TwoNN Intrinsic Dimension Explained: Python and Visual Illustrations

Share This Post

Real-world data often live in a high-dimensional ambient space, but the points themselves concentrate near a much lower-dimensional manifold. The “visible” (ambient) dimension is easy to read off from the feature vector length, while the “intrinsic” dimension (the effective degrees of freedom) is much harder to estimate.

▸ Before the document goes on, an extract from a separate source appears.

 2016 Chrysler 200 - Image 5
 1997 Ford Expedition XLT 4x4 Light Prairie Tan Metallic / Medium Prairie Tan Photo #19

Two Nearest Neighbors (TwoNN) is a simple yet surprisingly effective estimator of intrinsic dimension. It uses only the first and second nearest-neighbor distances at each data point, and fits a straight line after a log transform.

The TwoNN Algorithm

Given a dataset of \(N\) points \(\{x_i\}_{i=1}^N\):

For each point \(x_i\), compute:

\(r_{1,i}\): the distance to its nearest neighbor
\(r_{2,i}\): the distance to its second nearest neighbor
Then define the ratio
\[
\mu_i = \frac{r_{2,i}}{r_{1,i}}.
\]

Sort the ratios in ascending order:
\[
\mu_{(0)} \le \mu_{(1)} \le \cdots \le \mu_{(N-1)}.
\]
Create points
\[
\left(\ln \mu_{(k)},\; -\ln\left(1 – \frac{k}{N}\right)\right), \quad k=0,1,\ldots,N-1.
\]
Fit a straight line through the origin by least squares:
\[
d = \frac{x^\top y}{x^\top x},
\]
where \(x_k = \ln \mu_{(k)}\) and \(y_k = -\ln\left(1 – \frac{k}{N}\right)\).
The slope \(d\) is the estimated intrinsic dimension.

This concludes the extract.